Mais il s’agit d’une vision idéalisée de la mort. Dans nos sociétés modernes, la mort a pratiquement disparu de la vie quotidienne et beaucoup de personnes n’ont pas vu un mort et encore moins vu quelqu’un en train de mourir. En réalité, très peu de personnes réfléchissent vraiment à leur fin de vie. Seuls certains intellectuels, philosophes ou militants prennent position sur les conditions de leur décès.

Par contre, beaucoup de gens vont anticiper et organiser leurs obsèques. Comme si ce qui arrivait après la mort était plus important que ce qui arrivait pendant la période de fin de vie! Mourir à domicile est bien souvent une utopie. Cela arrive essentiellement en cas de mort subite, certains meurent dans leur sommeil. Il y a bien sûr aussi toutes les morts accidentelles. Mais lorsqu’il s’agit d’une maladie plus ou moins chronique ou mortelle avec une phase d’agonie qui peut être longue, il est très difficile de mourir à domicile.
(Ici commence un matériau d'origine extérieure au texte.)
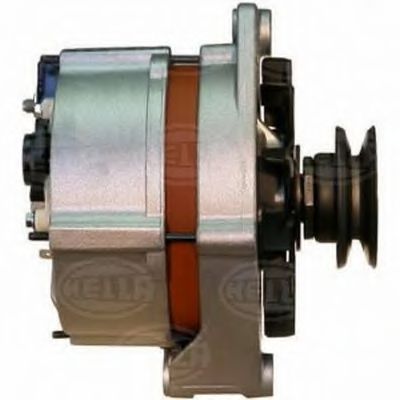 Generator / Alternator 4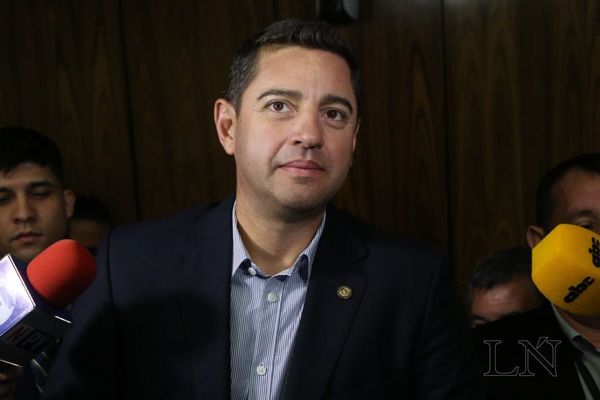 Cancelación de visas es señal para renovar figuras políticas, según Alliana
Le principal problème en ce qui concerne la fin de vie est donc celui des agonies prolongées, le lent mourir. Ces fins de vie prolongées ne sont pas tant difficiles pour le mourant (autant qu’on peut le savoir) que pour l’entourage qui y assiste. Il est difficile de rester à coté de quelqu’un qui peut gémir, avoir des râles agoniques ou une respiration qui s’accélère puis ralentie, puis fait des poses pour repartir. Et même si les réseaux de soins palliatifs sont très performants, il ne peut pas y avoir au domicile un soignant à coté du mourant en permanence. Bien souvent, c’est dans ces cas là, au dernier moment, à la phase agonique, que la famille craque, appelle le Samu ou les pompiers et accompagne le mourant aux urgences où il va décéder sur un brancard.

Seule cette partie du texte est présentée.